Participants were asked whether they suffered from depression on four occasions between the ages of 18 and 23, using a recognised mood and feelings questionnaire.
Inflammatory markers, represented by CRP, were measured on three occasions at age nine, 15 and 18.
Greater likelihood of depression
We found most types of ACEs across all early-life periods were associated with a greater likelihood of depression, particularly in those who had faced threat-related adversities. Overall scores for accumulated ACEs as well as for individual ones across all phases of early life were related to moderate and severe levels of depressive symptoms in young adulthood.
Associations between ACEs during late childhood or adolescence and depressive symptoms were particularly strong, and the strongest links were for sexual abuse and physical or emotional threat in adolescence. Furthermore, multiple exposure to the same ACEs throughout childhood was more strongly linked with depression than exposure to a single adversity.
Those who had suffered bullying, victimisation and sexual abuse in late childhood or adolescence had higher levels of CRP, and exposure to sexual abuse in adolescence was related to elevated CRP levels in boys but not in girls.
Was there a link?
But was there a clear link between raised levels of inflammation and depression? We found that while associations between adverse events and depression were strong, they didn’t appear to work through inflammatory mechanisms.
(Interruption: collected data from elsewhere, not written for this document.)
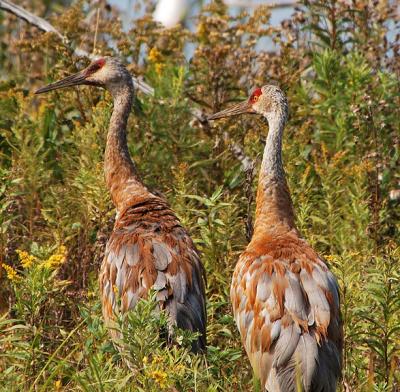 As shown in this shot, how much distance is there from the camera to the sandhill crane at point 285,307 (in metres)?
5.68

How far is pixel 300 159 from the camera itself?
7930 millimetres

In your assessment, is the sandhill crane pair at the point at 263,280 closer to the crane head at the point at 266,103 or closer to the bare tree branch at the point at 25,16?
the crane head at the point at 266,103

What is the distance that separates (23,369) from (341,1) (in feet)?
15.8

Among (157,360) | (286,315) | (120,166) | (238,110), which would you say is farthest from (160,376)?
(238,110)

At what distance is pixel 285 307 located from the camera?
19.3 feet

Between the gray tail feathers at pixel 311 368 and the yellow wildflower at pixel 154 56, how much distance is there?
4.05 metres

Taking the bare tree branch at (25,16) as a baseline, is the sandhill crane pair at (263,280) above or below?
below

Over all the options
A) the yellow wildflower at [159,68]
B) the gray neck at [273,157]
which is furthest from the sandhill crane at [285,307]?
the yellow wildflower at [159,68]

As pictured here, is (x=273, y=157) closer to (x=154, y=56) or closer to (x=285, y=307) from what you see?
(x=285, y=307)

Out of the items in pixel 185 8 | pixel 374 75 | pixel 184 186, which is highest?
pixel 185 8

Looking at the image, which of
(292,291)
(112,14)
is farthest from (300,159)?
(112,14)

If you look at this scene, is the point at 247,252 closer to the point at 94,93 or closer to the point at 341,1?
the point at 94,93

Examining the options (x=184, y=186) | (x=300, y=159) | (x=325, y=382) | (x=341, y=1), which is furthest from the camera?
(x=341, y=1)

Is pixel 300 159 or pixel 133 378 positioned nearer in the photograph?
pixel 133 378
Neither single measures of inflammation nor repeated measures over time during childhood and adolescence showed any link to depressive symptoms in young adulthood. So early-life CRP levels did not mediate the associations between ACEs and depressive symptoms.
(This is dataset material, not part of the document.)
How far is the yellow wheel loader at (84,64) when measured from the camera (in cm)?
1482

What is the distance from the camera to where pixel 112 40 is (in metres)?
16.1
The results add significantly to our knowledge on this topic: they expand the earlier work at UCL’s Department of Epidemiology and Public Health, which had already pointed to a need for early-life interventions to reduce inequalities in mental health.
This new research confirms again that ACEs experienced at any stage of childhood can increase an individual’s vulnerability to poor mental health in young adulthood. Andrea Leadsom’s review suggested families needed support during their children’s critical 1,001 early days to make sure babies grow up to be physically healthy and emotionally capable, and our wider research on links between mental health and ACEs supports that.
Our growing body of evidence clearly shows early interventions to prevent ACEs and ACE-related trauma could help reduce the risk of depression across the life course, as well as highlighting the importance of assessing exposure to ACEs in people affected by depression to provide targeted therapies.
But CRP levels are not consistently associated with ACEs and depression in children and young people, so interventions targeting inflammation in this population might not offer protection against depression.
Future studies should consider other inflammatory markers and different biological mechanisms, the researchers conclude.
Adverse childhood experiences and severity levels of inflammation and depression from childhood to young adulthood: A longitudinal cohort study is research by Eleonora Iob, Rebecca Lacey, Valentina Giunchiglia, and Andrew Steptoe and is published in Molecular Psychiatry, Nature.
Eleonora Iob and Andrew Steptoe are based at the Department of Behavioural Science and Health, University College London. Rebecca Lacey is based at the Department of Epidemiology and Public Health, University College London and Valentina Giunchiglia is based at the Department of Brain Sciences, Faculty of Medicine, Imperial College London.